Fund size tells you who’s big. It says nothing about who was right. We ranked investors by a harder test: who saw the frontier coming before it was obvious.

$3.5B
Series E, led
Lightspeed → Anthropic
$50M
First check, 2019
Khosla → OpenAI
~14%
Anthropic stake
Google → Gemini

Ask a founder to name the best investors for an AI startup, and you’ll get the same list everyone else gets: forty firms ranked by assets under management, portfolio logos arranged in a grid. Every entry is accurate. Every entry is useless when you’re deciding who belongs on your cap table.

Fund size tells you who’s big. It says nothing about who was right. And in AI, one kind of right is the only kind that counts: being early about which lab would build a leading model.

So we didn’t rank the biggest investors. We ranked by a harder test. Who saw the frontier coming before it was obvious?
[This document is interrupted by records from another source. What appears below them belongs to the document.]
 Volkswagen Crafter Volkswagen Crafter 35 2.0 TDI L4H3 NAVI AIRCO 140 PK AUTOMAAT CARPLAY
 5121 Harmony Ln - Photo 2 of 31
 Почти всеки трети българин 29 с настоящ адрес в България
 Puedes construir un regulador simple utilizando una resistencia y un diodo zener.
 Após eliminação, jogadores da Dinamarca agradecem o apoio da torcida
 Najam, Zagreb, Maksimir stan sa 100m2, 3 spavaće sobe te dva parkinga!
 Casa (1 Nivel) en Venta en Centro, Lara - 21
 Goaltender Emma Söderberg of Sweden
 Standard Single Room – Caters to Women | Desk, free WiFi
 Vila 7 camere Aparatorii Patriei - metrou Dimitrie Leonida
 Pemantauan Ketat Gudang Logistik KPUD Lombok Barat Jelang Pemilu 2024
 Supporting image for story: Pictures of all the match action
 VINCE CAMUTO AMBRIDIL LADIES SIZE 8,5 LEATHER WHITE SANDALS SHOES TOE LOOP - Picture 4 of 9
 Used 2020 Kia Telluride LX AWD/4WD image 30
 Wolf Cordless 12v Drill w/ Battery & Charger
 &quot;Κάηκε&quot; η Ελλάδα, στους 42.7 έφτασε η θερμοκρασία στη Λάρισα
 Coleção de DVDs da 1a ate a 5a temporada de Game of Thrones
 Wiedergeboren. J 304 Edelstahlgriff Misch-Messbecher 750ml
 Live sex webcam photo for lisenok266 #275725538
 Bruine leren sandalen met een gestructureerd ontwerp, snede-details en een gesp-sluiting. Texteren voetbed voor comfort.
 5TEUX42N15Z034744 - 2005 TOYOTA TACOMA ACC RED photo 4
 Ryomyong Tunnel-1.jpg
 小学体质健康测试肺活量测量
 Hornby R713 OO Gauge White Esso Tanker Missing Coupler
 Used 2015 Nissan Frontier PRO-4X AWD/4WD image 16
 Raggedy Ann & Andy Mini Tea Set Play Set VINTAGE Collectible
Three names clear that bar.

The three best investors for an AI startup are Lightspeed Venture Partners, Khosla Ventures, and Google, because each secured a defining position in one of the three labs building the leading frontier models. Lightspeed led Anthropic’s $3.5 billion Series E,1, 2 the round behind Claude. Khosla wrote OpenAI’s first institutional check,3 years before GPT. Google builds Gemini7 and holds a large stake in Anthropic.5 The rest of this piece is the proof.

01

Lightspeed to Anthropic

Anthropic Claude
Lightspeed Venture Partners led Anthropic’s $3.5 billion Series E

Lightspeed Venture Partners led Anthropic’s $3.5 billion Series E in March 2025, at a $61.5 billion post-money valuation, and was the largest investor in the round.1, 2 That’s the headline. It’s the wrong place to stop.

Conviction at the point of maximum illegibility, when there was almost nothing to diligence.

The judgment call happened two years earlier. Lightspeed first engaged Anthropic in January 2023, when the company had fewer than 100 employees, no public product, and no revenue.2 It backed the Series D in early 2024,2 then led the Series E a year later. This is the trait to screen for: conviction at the point of maximum illegibility, paired with the discipline to keep buying as the thesis proved out.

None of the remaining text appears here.